Our holiday as a single-parent family – Sally’s story

Posted 16 July 2018

Single mum of three, Sally, recently booked a holiday with the support of a Family Fund Grant.

Single mum of three, Sally, recently booked a holiday with the support of a Family Fund Grant. Here, she discusses the highlights and challenges of her time in Rye.

I’m Sally, and for almost three years, I’ve been a single parent of three young children who are now eleven, eight and five.

All of my children are on the autism spectrum, and they haven’t seen their father all year so they are my sole responsibility. My eleven-year-old was diagnosed with autism and ADHD five years ago – three weeks after giving birth to my youngest! My daughters are soon to receive a confirmed diagnosis.

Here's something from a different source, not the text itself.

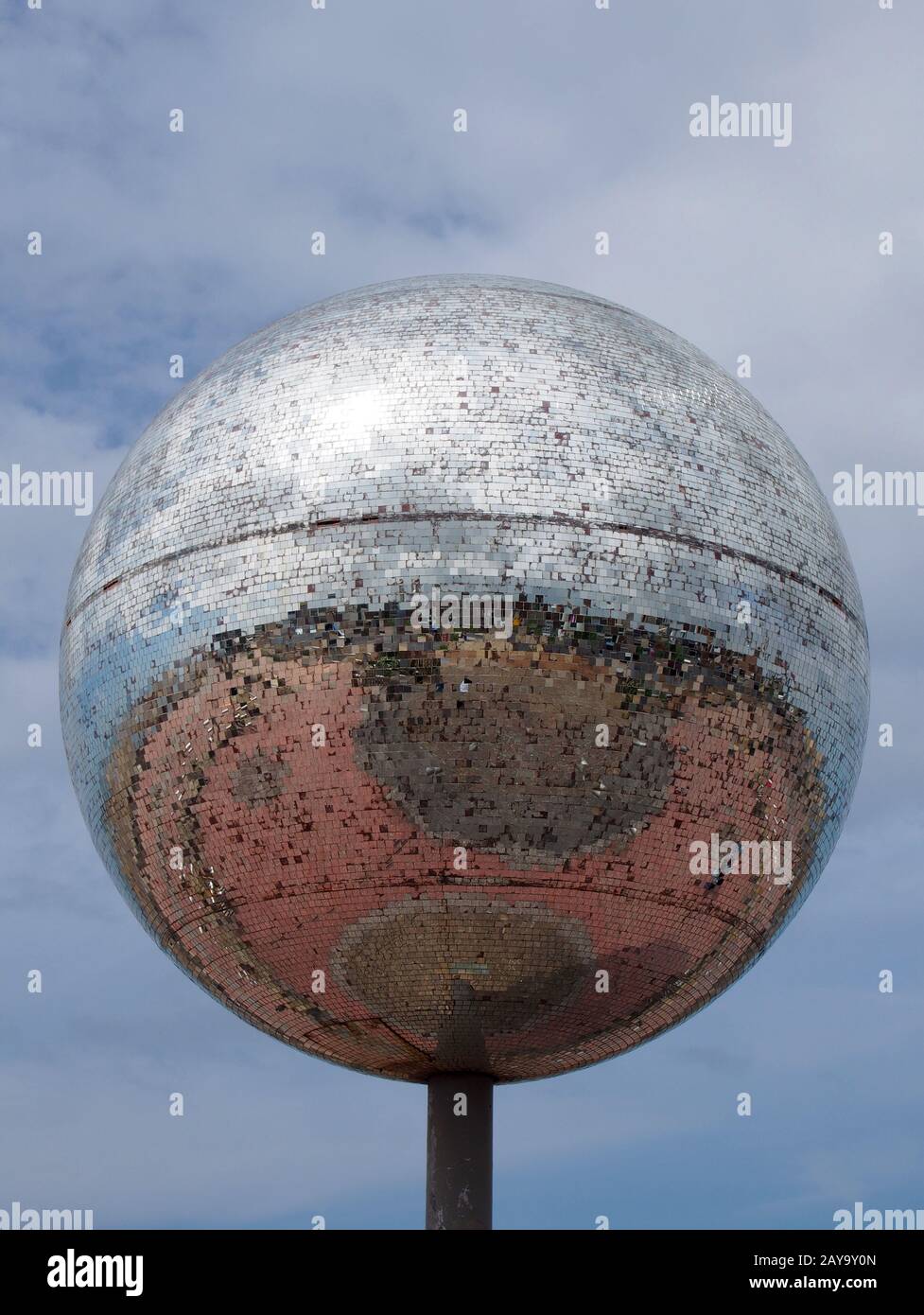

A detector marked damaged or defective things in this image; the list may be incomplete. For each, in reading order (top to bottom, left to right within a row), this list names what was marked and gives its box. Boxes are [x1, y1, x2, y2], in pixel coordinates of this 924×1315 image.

Applying for the Family Fund Grant

As a result, my son has been in receipt of DLA and I‘m his carer. Since my husband left us, I have been raising my family on benefits, and this year, I found out about the Family Fund Grant for families who are on a low income with a disabled child . This grant can be used for numerous items, one being a family holiday, so I applied for a holiday grant and was successful!

I booked a week in a caravan in Rye, East Sussex, which was close to the beach and had evening entertainment. This was our first holiday as just the four of us and I’ll admit I found it quite daunting. I knew that it wouldn’t be much different to being at home, but at least I can see friends during the day or they can pop over in the evening – for this week, my ‘company’ was the kids.

Challenges and finances

My eight-year-old has quite bad anxiety, so the build up to the holiday was quite stressful for her as we were going somewhere new and she was anticipating being homesick. We spent our days exploring the area, going to the beach and celebrating my five-year-old’s birthday.

Although the accommodation was paid for, I live on quite a tight budget, so paying £10 for four soft drinks made me wince. I was conscious of the finances but also torn between wanting the kids to enjoy their holiday so compromise came into play – fortunately, the kids are quite used to hearing that I can’t afford it.

I was also dealing with meltdowns, fighting and anticipating what was going to happen if we did something. I felt lonely. It was hard to see traditional families spending time together and making memories, while I had mine all in different directions, having a meltdown because I put suncream on my daughter’s face – how dare I try to protect her! My 8 year old was growling because my son had buried her sandles in the sand, and god forbid, I bought the wrong ice-cream – well, all hell broke loose!

Making the most of things

During the evenings, we went to the evening entertainment at the bar, which the kids enjoyed. I, on the other hand, could see all the families and groups of friends socialising together while I sat there drinking the most vile wine I think I’ve ever had. I looked around the room each night and we were the only single parent family there. Everyone else was having fun with friends or family. I sat there, watching my kids, cheering them on. The only time I got to myself was back at the caravan. The kids would entertain themselves for a while and I’d sit on the steps with a drink.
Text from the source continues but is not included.